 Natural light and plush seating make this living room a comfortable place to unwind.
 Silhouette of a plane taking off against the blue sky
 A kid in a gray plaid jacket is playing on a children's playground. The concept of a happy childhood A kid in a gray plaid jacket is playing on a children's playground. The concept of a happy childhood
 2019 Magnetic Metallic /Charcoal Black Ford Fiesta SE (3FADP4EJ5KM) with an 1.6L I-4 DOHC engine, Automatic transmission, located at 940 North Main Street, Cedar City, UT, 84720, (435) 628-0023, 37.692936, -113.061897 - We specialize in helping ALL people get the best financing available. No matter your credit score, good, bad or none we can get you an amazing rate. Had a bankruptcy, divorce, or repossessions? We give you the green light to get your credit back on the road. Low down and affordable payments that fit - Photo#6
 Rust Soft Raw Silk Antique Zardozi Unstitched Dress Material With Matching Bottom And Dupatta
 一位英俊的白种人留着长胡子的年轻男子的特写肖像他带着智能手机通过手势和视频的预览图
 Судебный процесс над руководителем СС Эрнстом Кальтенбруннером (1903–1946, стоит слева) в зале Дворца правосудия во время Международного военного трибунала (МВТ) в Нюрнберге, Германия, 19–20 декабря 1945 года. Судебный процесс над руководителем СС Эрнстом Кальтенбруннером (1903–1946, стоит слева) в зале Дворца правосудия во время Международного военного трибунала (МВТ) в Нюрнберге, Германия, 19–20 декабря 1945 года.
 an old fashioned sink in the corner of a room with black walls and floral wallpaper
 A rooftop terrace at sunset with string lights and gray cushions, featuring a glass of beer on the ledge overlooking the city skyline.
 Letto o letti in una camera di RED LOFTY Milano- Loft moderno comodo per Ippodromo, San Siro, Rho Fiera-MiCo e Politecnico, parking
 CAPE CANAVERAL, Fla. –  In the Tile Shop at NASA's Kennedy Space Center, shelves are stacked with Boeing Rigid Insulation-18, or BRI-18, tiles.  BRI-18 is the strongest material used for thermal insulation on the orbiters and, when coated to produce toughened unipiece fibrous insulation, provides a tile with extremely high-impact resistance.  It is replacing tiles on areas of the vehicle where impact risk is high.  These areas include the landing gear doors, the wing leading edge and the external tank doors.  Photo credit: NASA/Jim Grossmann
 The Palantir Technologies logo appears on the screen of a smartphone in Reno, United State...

**How to complete this task**: Return, exactly and without additions, the lines that run from the one containing "A rooftop terrace" to the end of the material above.

**Problem solution**:
 A rooftop terrace at sunset with string lights and gray cushions, featuring a glass of beer on the ledge overlooking the city skyline.
 Letto o letti in una camera di RED LOFTY Milano- Loft moderno comodo per Ippodromo, San Siro, Rho Fiera-MiCo e Politecnico, parking
 CAPE CANAVERAL, Fla. –  In the Tile Shop at NASA's Kennedy Space Center, shelves are stacked with Boeing Rigid Insulation-18, or BRI-18, tiles.  BRI-18 is the strongest material used for thermal insulation on the orbiters and, when coated to produce toughened unipiece fibrous insulation, provides a tile with extremely high-impact resistance.  It is replacing tiles on areas of the vehicle where impact risk is high.  These areas include the landing gear doors, the wing leading edge and the external tank doors.  Photo credit: NASA/Jim Grossmann
 The Palantir Technologies logo appears on the screen of a smartphone in Reno, United State...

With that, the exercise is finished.